Salah satu hal krusial dari penurunan kualitas demokrasi Indonesia adalah korupsi. Dewasa ini korupsi masih menggeroti tubuh parpol, parlemen negara baik itu DPR maupun kementerian dan instansi pemerintah daerah. Diantara penyebab korupsi pada tubuh parpol tidak terlepas dari gurita oligarki yang menguatkan asumsi bahwa parpol gagal dalam melakukan fungsinya sebagai agregator demokrasi. Pada titik yang paling parah parpol menjadikan masyarakat sebagai konstituen yang dianggap sebagai obyek politik lima tahunan semata dengan mendekati rakyat ketika membutuhkan suara dalam pemilu. Setelah menang mereka lupa akan janji-janji kampanye yang pernah digaungkan.
Masif nya korupsi tentu akan menjadi penghambat kemajuan demokrasi di negeri ini. Hasil terbaru pada tahun 2022 yang dikeluarkan oleh Transparency International menunjukan Indeks Korupsi Indonesia mengalami penurunan 4 poin dari tahun 2021 menjadi 34 dan berada pada peringkat 110 dari 180 negara. Penurunan ini merupakan yang terburuk sepanjang era reformasi. Di Asean Indonesia berada di peringkat ke-7. Peringkat Indonesia ini jauh dibawah negara tetangga seperti Singapura, Malaysia, Vietnam, Thailand, bahkan Timur Leste. Sungguh ironis memang apabila kita melihat realita ini.
Korupsi juga sudah menggerogoti wakil rakyat negeri ini. DPR yang dipilih rakyat dari demokrasi malah menjadi salah satu lembaga paling korup di Indonesia. Hal ini dapat dilihat dari hasil survei Global Corruption Barometer (GCB) tahun 2020 oleh Transparency International Indonesia (TII) yang menyatakan DPR adalah lembaga paling korup di Indonesia. Dimana ada 51% responden yang berpendapat demikian.

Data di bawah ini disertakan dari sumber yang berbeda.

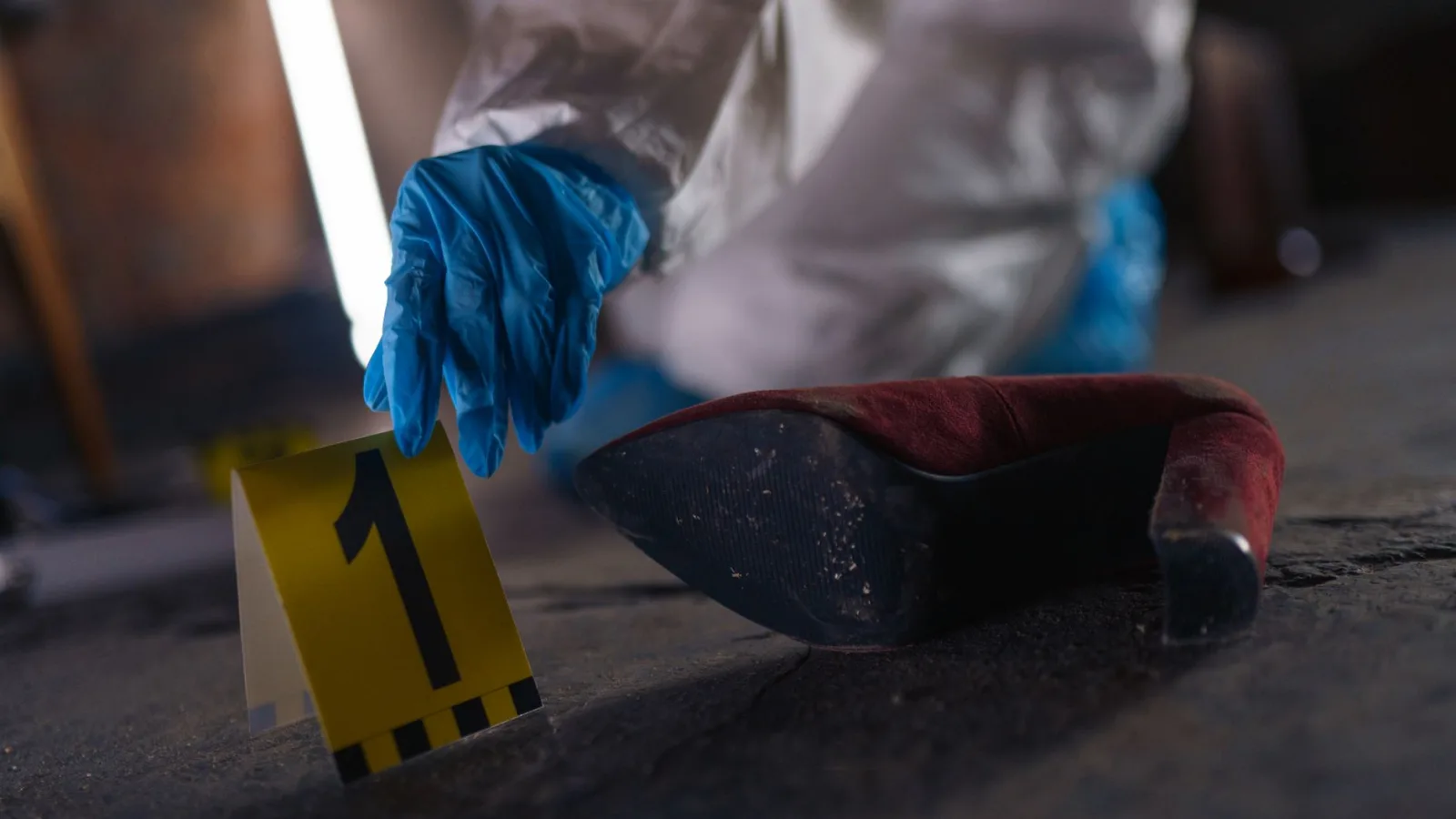 Crime scene investigation with shoe as evidence marked with number one and forensic glove.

Dari survei-survei yang ada menunjukan bahwa masih bobroknya sistem demokrasi di Indonesia. Apalagi korupsi yang menjadi salah satu penyakit besar yang menggerogoti demokrasi. Demokrasi seolah hanya menjadi alat untuk mencapai kekuasaan dan kekayaan para pejabat dan oligarki. Mandat rakyat dalam menitipkan aspirasi nya kepada para wakil rakyat dan pejabat harus rela menerima realitas pahit dengan tingginya kasus korupsi. Korupsi yang tinggi tentu dapat menghambat pembangunan dan semakin mengurangi upaya menyejaterahkan rakyat yang hari ini masih banyak mengalami kesulitan ekonomi.

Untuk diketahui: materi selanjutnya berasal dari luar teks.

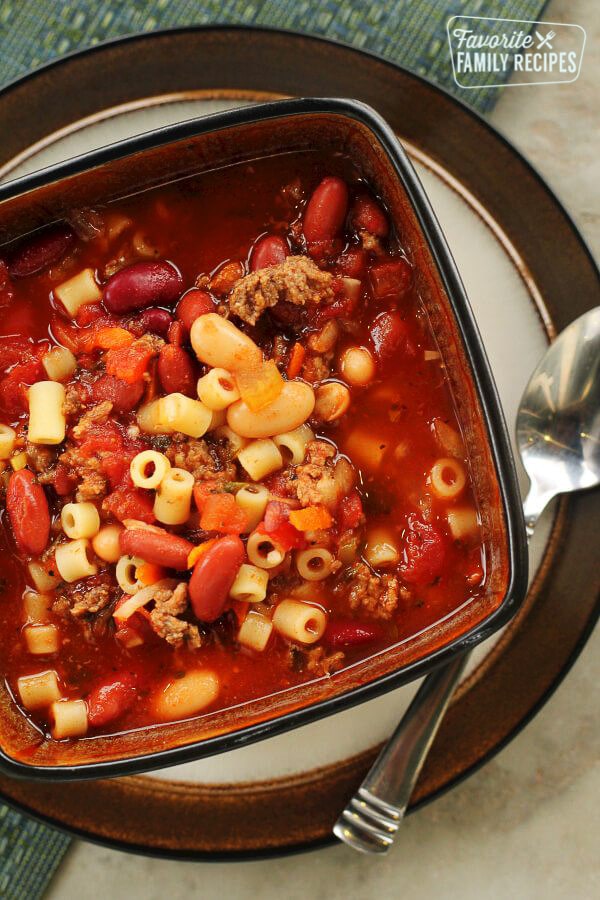 Our Version of Olive Garden’s Pasta E Fagioli Soup in a square bowl on a plate with a spoon on the side.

Kontestasi politik menghadirkan calon pemimpin yang membutukan suara rakyat dengan janji-janji yang diobral untuk mencapai kejayaan dalam arena perpolitikan. Setelah kontestasi politik selesai seringkali rakyat dilupakan dan para pemimpin bagai ditelan bumi dengan melupakan janji-janji manisnya. Demokrasi yang harusnya kembali untuk rakyat malah menjadi untuk pejabat dan oligarki. Padahal di pundak para pejabat harapan rakyat begitu besar agar pembangunan di negeri ini dapat berjalan maksimal, bisa membantu upaya memberantas kemiskinan dan meningkatkan kesehjateraan rakyat, serta terciptanya kemajuan kualitas demokrasi.

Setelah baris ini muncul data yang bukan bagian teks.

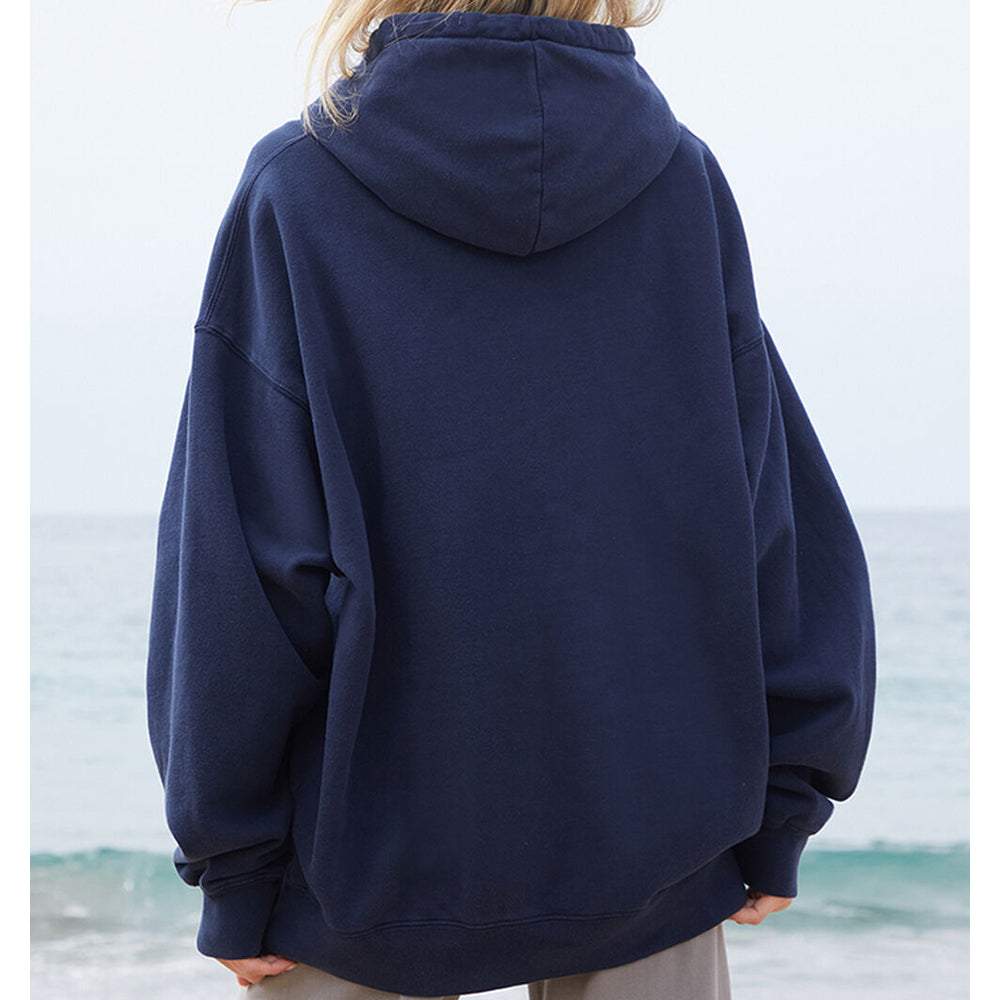 Person wearing a navy blue hoodie with a blurred beach background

Namun harapan ini masih jauh dari yang diharapkan. Rendahnya integritas dan moral para pejabat menjadi salah satu faktor juga yang menghambat kemajuan demokrasi. Oleh karenanya demokrasi dari rakyat, oleh rakyat, dan untuk rakyat menjadi lebih tendensi kepada demokrasi untuk pejabat bukan rakyat itu sendiri. Tentu ini menjadi PR besar bagi pemerintah untuk memperbaiki kualitas demokrasi dan kita sebagai rakyat harus lebih bijak lagi dalam memilih wakil rakyat ataupun pejabat yang diamanatkan untuk mengemban harapan berjuta manusia untuk kemajuan kualitas demokrasi di negeri ibu pertiwi.